*Task prompt:*
Would you reproduce the whole listing exactly, dropping any pictures it holds?

*Exercise data:*
---------------

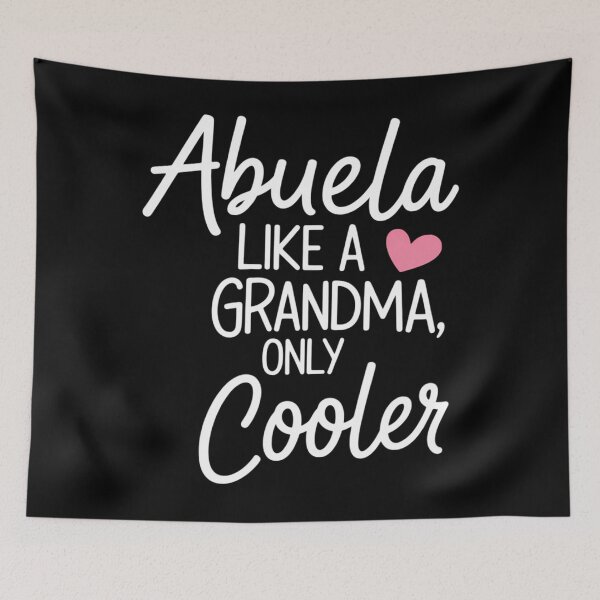 Item preview, Abuela Like A Grandma Only Cooler Heart Mother's Day Abuela designed and sold by TrinaEspinoza.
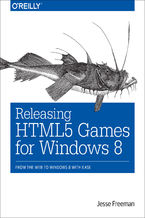 Okładka książki Releasing HTML5 Games for Windows 8. From the Web to Windows 8 with Ease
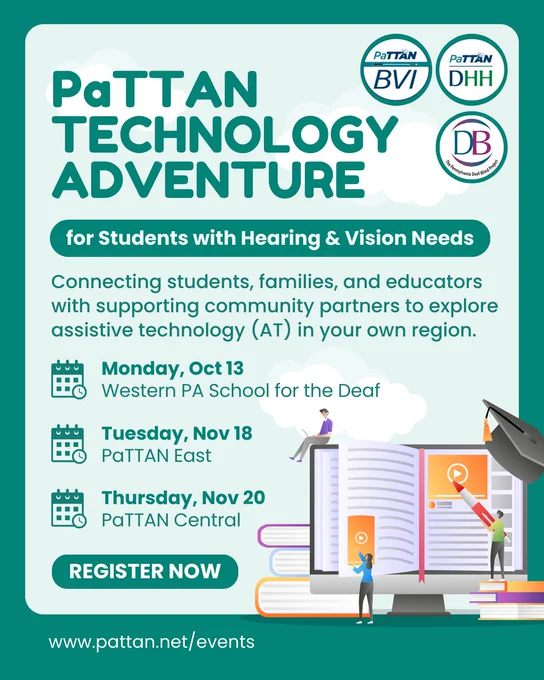 Text reading, PaTTAN Technology Adventure for Students with Hearing & Vision Needs. Monday, October 13. Tuesday, November 18. Thursday, November 20. Register today.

---------------

*Your solution:*
 Item preview, Abuela Like A Grandma Only Cooler Heart Mother's Day Abuela designed and sold by TrinaEspinoza.
 Okładka książki Releasing HTML5 Games for Windows 8. From the Web to Windows 8 with Ease
 Text reading, PaTTAN Technology Adventure for Students with Hearing & Vision Needs. Monday, October 13. Tuesday, November 18. Thursday, November 20. Register today.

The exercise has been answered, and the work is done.